“Nothing like a little blast from the past, especially when it comes from a nearly 20-year-old Butthole Surfers album,” writes James Goodwell at the Left of the Dial blog.

There does indeed seem something strikingly Soviet about the US government as of late, as I and others have periodically noted over the past couple years. Among those who see the parallels is William Rivers Pitt, who writes in Bush’s Soviet State:

It’s funny in an awful sort of way. The defining events of the last fifty years all centered around the Cold War and the eventual demise of the Soviet system. Toward the end of the Soviet regime, their government was often forced to grossly overstate the size of grain harvests or the preparedness of their military in order to maintain an illusion of strength and order. In other words, intelligence and facts were fixed around the policy. In essence, fixing the facts became the policy.

Self-deception was piled upon self-deception. MORE BELOW:

Rather than address the systemic problems within the nation, the Soviet regime chose instead to massage the illusions until the problems became too huge to overcome. Pretending everything was fine became the chosen course of action, and the state’s ability to manufacture a pleasing reality became a perfect circle of inaction and delusion. By the time the tanks rolled and the Wall fell, the deal had already gone down.

Sound familiar?

[…]

Willful blindness is an appropriate phrase. It captures not only the fact that we are manufacturing threats to our security every day we remain in Iraq, but the fact that virtually everything associated with Bush administration policy depends on self-delusion and the manipulation of data to fulfill political desires. Even the most fundamental underpinnings of conservative political philosophy have been ground up in the gears of this grand fantasy.

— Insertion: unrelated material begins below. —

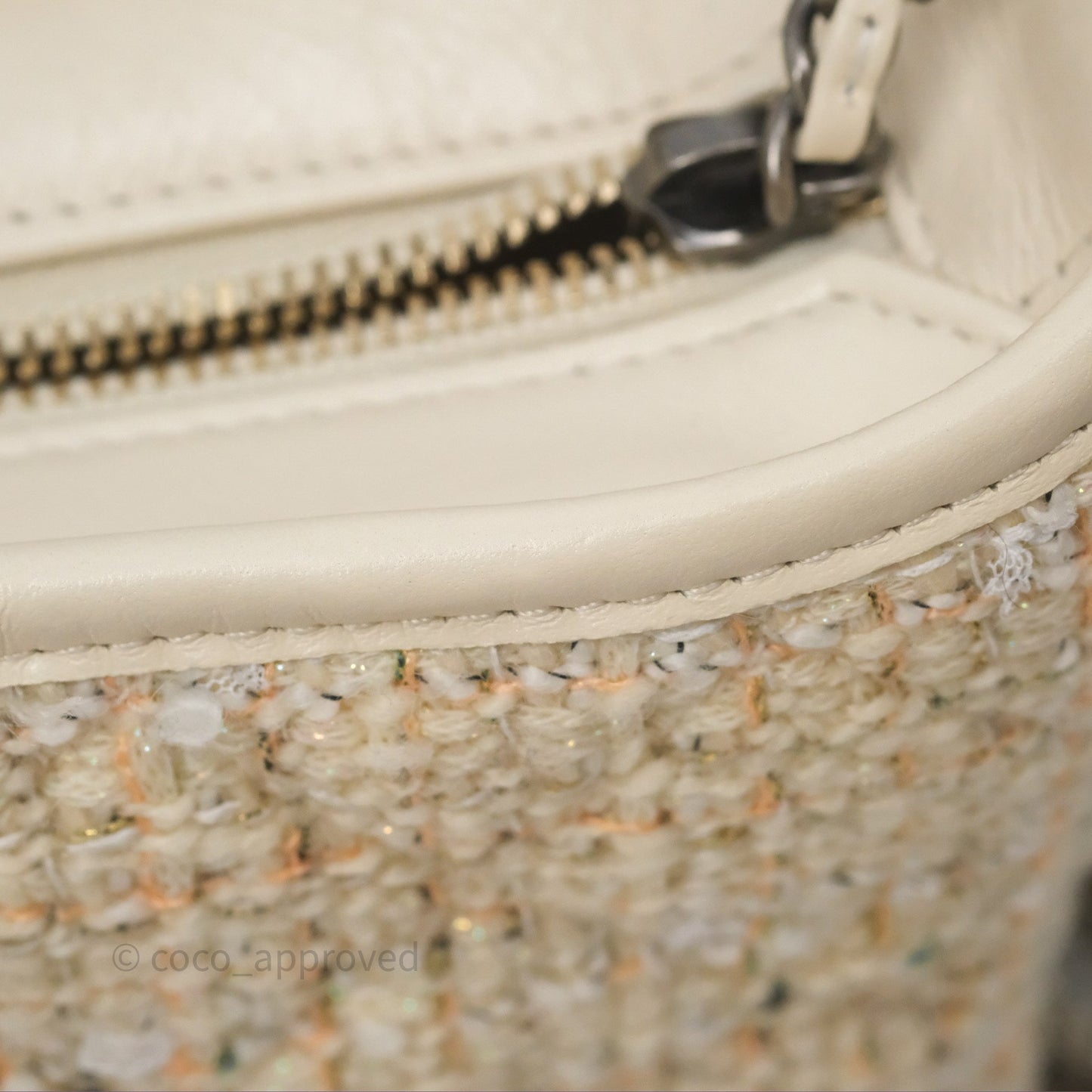 Chanel Small Gabrielle Hobo Quilted Ivory Tweed Aged Calfskin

Truth no longer matters. Ethics no longer matter. Facts are there for the twisting. Decades-old conservative ideals regarding the budget and the size of the Federal government have been thrown under the bus because they are no longer convenient, and get in the way of the manufacture of reality. Soviet self-delusion led that nation into Afghanistan and disaster. The Bush administration’s self-delusion has led us into Iraq. Res ipsa loquitor.

The parallel between this Bush administration and the old, failed Soviet regime can be taken one step further. …


Read all of the Pitt excerpts at Left of the Dial blog.


Goodwell’s “”U.S.S.A. … U.S.S.R.” concludes:

As I mentioned in Consequences, this White House is hell-bent on maintaining its illusions at all costs. Their success in maintaining those illusions centers on maintaining control of the means of political discourse, power, and the means of communication. Indeed, one can make a good case that indeed this is the current sorry state of our nation. At some point, however, the illusions will be shown for what they are. It is only a matter of time. Eventually, the old Soviet politburo had to face the demise of the Berlin Wall and the complete collapse of its hold on power even within Russia’s borders.

Eventually, in Sartre’s No Exit, Garcin meets up with his Ines who tears away his mask of false bravado and reveals a life-long coward. Sooner or later, the same will happen with the White House and its inhabitants and with its enablers. Let’s hope for sooner rather than later – and let’s continue to work dredge up those inconvenient truths that our own politburo would just as soon not face.